Average Commercial Landings and Value - 2000-2009 – 207,223 lbs./$548,467
2009 Commercial Landings and Value – 220,925 lbs./$733,054
Average Recreational Landings - 2000-2009 – 127,095 lbs., 2009 – 87,994 lbs.
Status of Fisheries Management Plan (FMP) - In North Carolina, gag is currently included in the Interjurisdictional FMP, which defers to SAFMC Snapper Grouper FMP compliance requirements, which was initially approved in 1983. Amendment 4, effective in 1992, established a 20-inch total length (TL) minimum size; Amendment 9, effective 1999, increased the minimum size to 24 inches TL, created a 2-fish recreational bag and a March-April closure (bag limit only, no sale).

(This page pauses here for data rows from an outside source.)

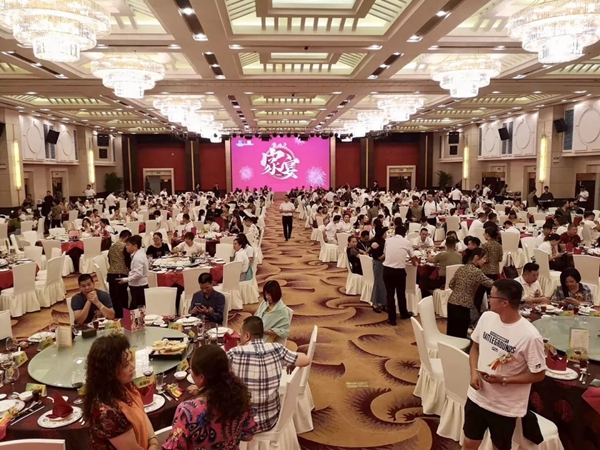 摩力克窗帘2019品牌盛典暨秋季新品发布会圆满落幕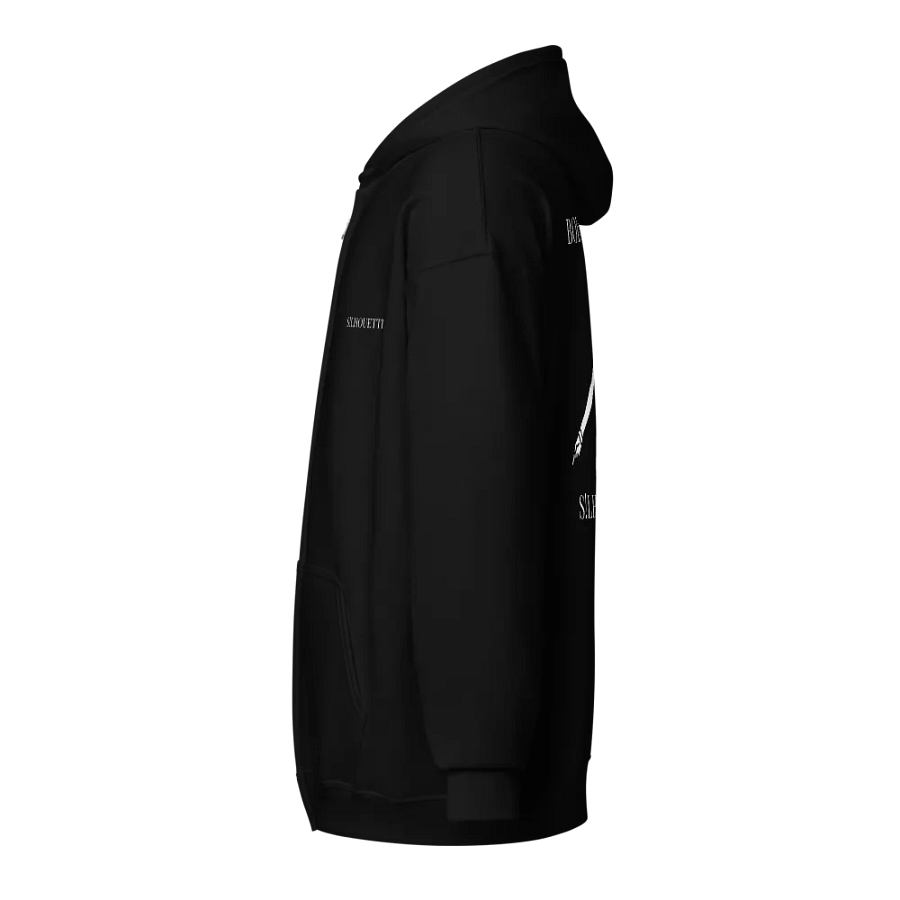Athlete Zip Hoodie product image (3)
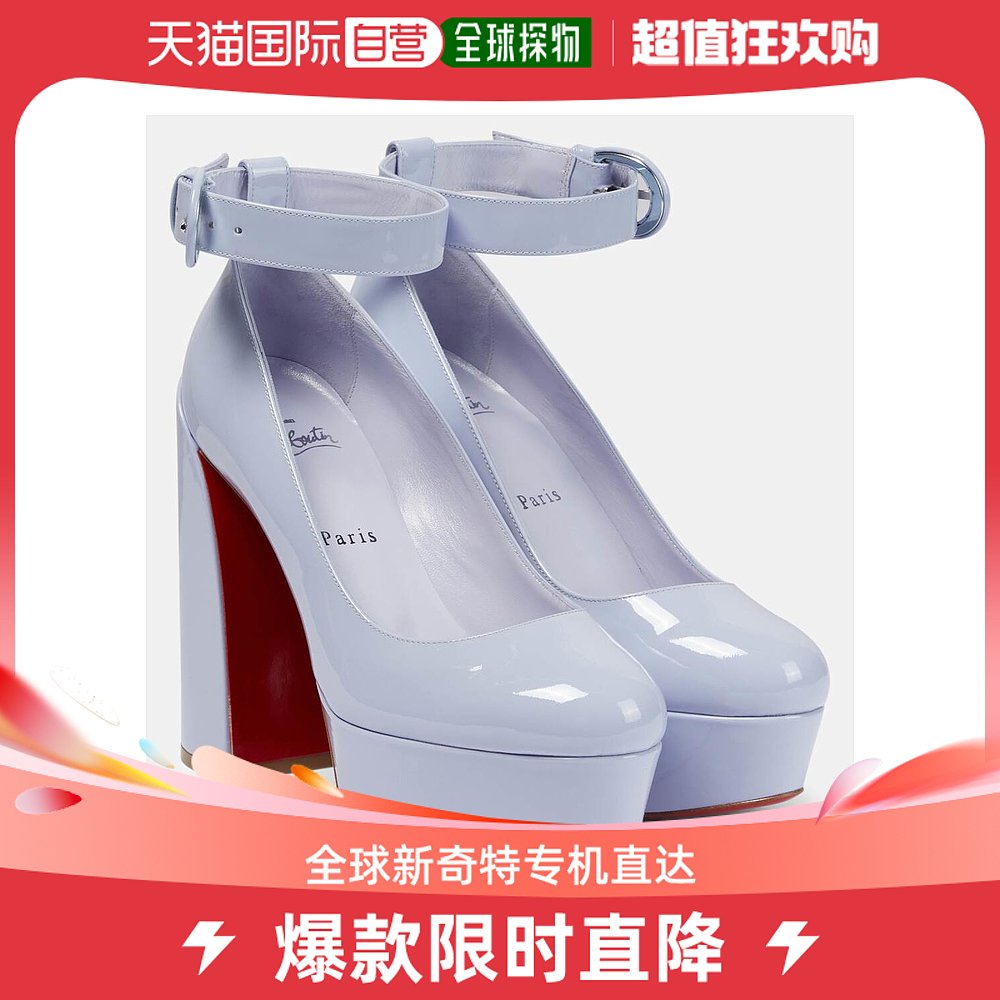 香港直邮潮奢 Christian Louboutin 克里斯提 鲁布托 女士Movida 女鞋 浅口单鞋 原图主图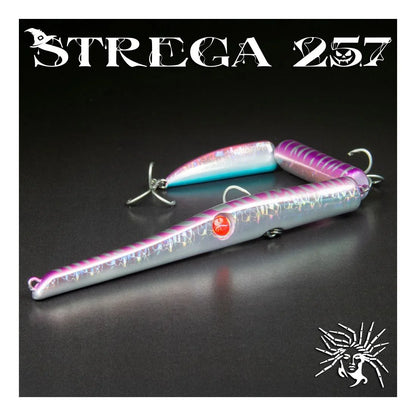ΣΠΑΣΤΗ ΖΑΡΓΑΝΑ SEASPIN STREGA 257 - Darivianakis fishing Store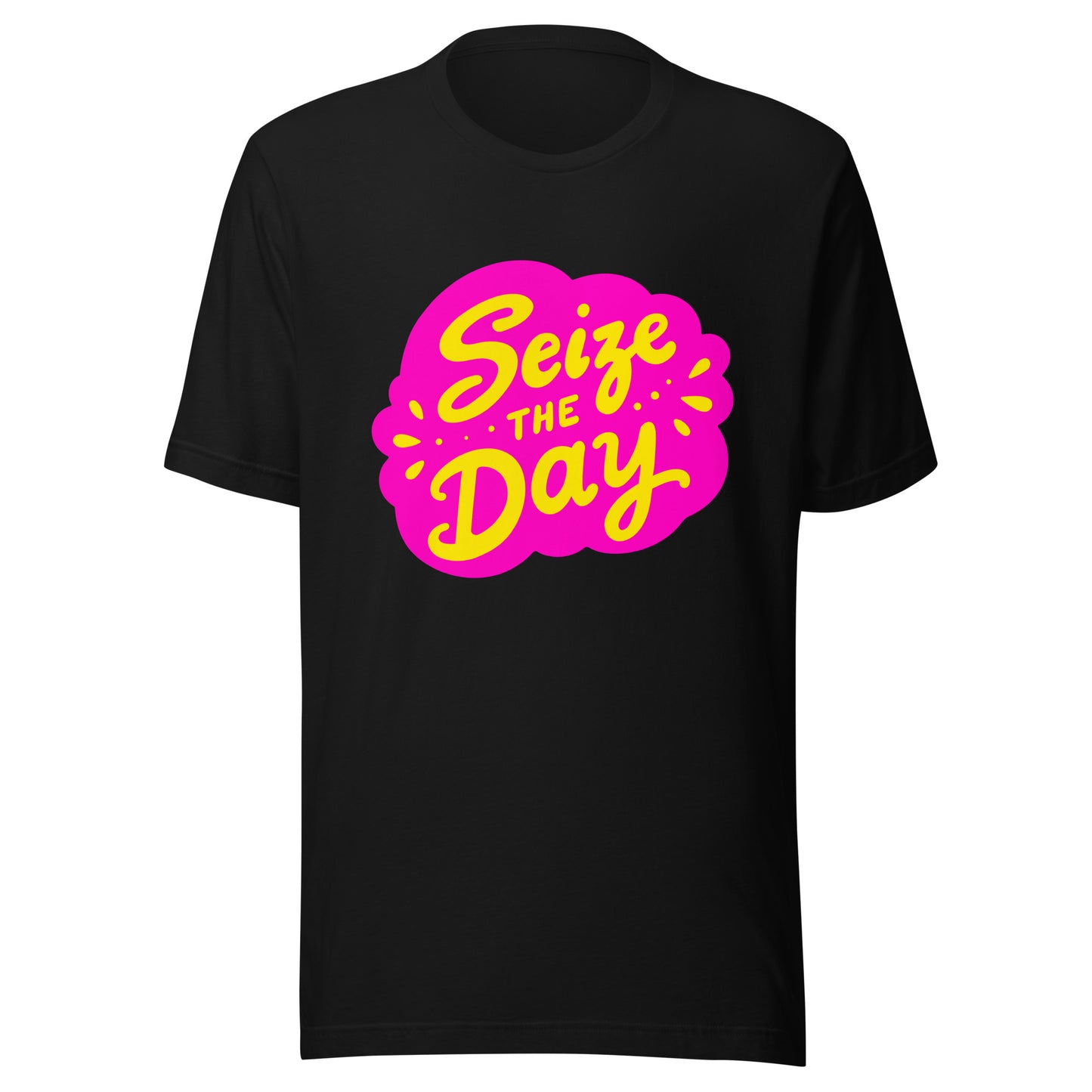 'Seize The Day' Unisex T-Shirt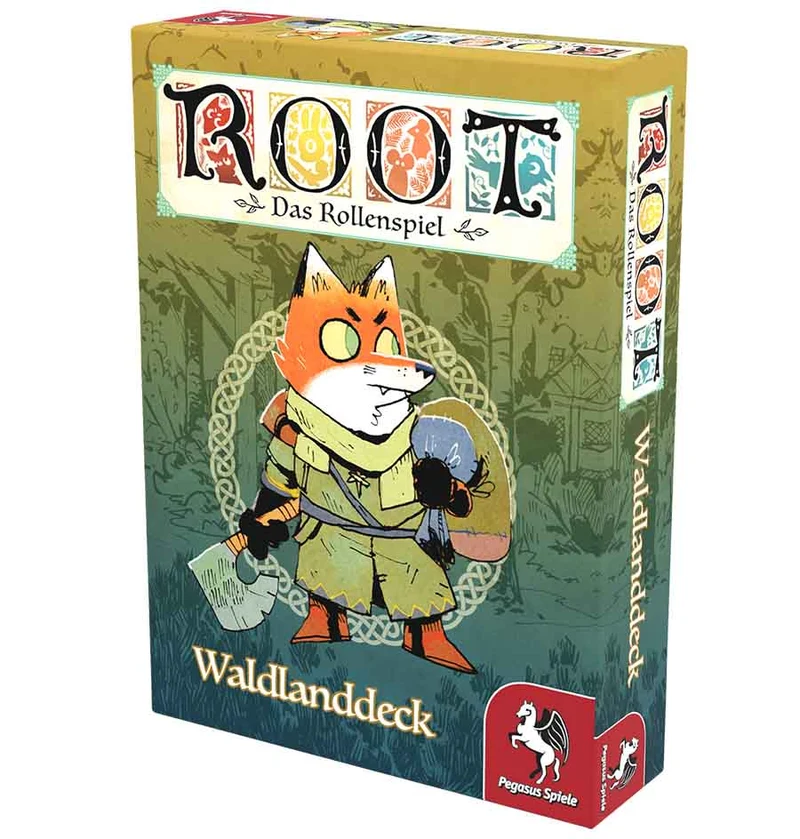 Root - Das Rollenspiel: Waldlanddeck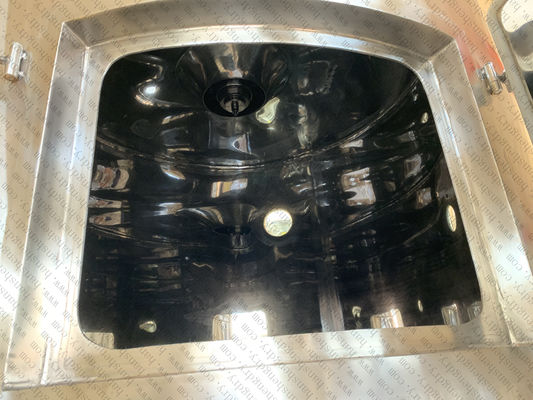 Secador de pulverizador centrífugo da pequena escala para o laboratório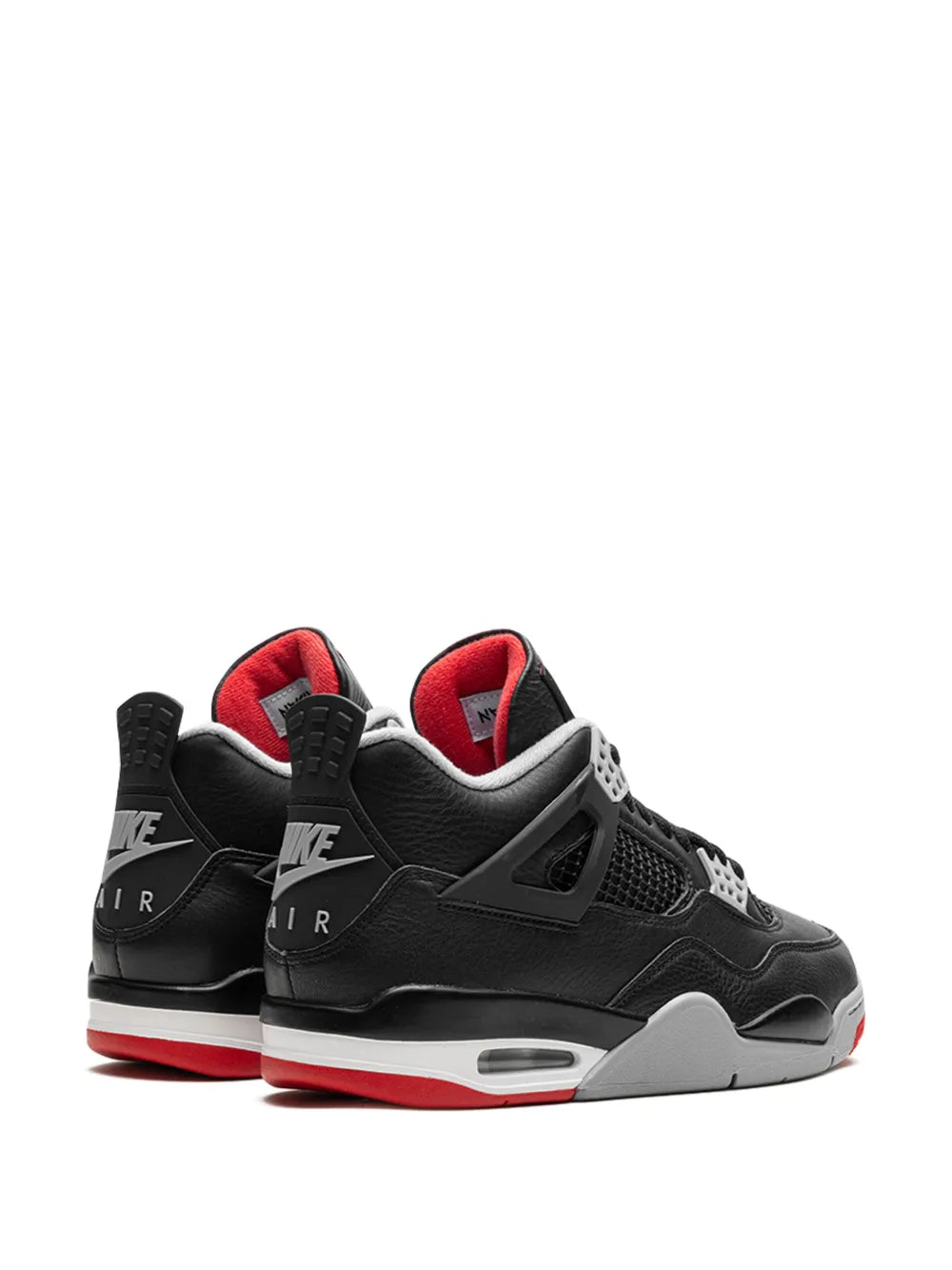 Air Jordan 4 Retro Bred Reimagined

Amendment 16 closed the spawning from January-April for both recreational and commercial fishermen, reduce the bag limit to one gag in the grouper recreational bag limit aggregate, establish a commercial quota of 352,940 lbs gutted weight, and exclude captains and crew on for-hire vessels from the recreational bag limit for groupers.
Research and Data Needs - Develop juvenile index, assess release mortality values, conduct population assessment, expand age and growth studies, and determine migration patterns.
Current Regulations - State and federal: 24 inches TL. Commercial quota (federal)-352,940 lbs. gutted weight. Recreational bag limit-no more than 1 fish may be a gag or black grouper.
Harvest Season – Commercial and recreational closed season January through April.
Size and Age at Maturity – Gag first mature as females at 5 years, possibly 4 years, when fish are greater than 26 inches TL. Transformation to the male generally occurs around 10 years and greater than 39 inches TL.
Historical and Current Maximum Age - 22 years/30 years
Juvenile Abundance Index - None available but studies are being conducted in North Carolina and other states.
Habits and Habitats - Large juveniles and adults occur on hard or “live” bottom on the outer continental shelf. Larval gag are estuarine dependent. Spawning occurs offshore and pelagic larvae are carried into estuaries where they reside in sea grass beds or oyster rocks. The juveniles emigrate in the fall to nearshore reefs.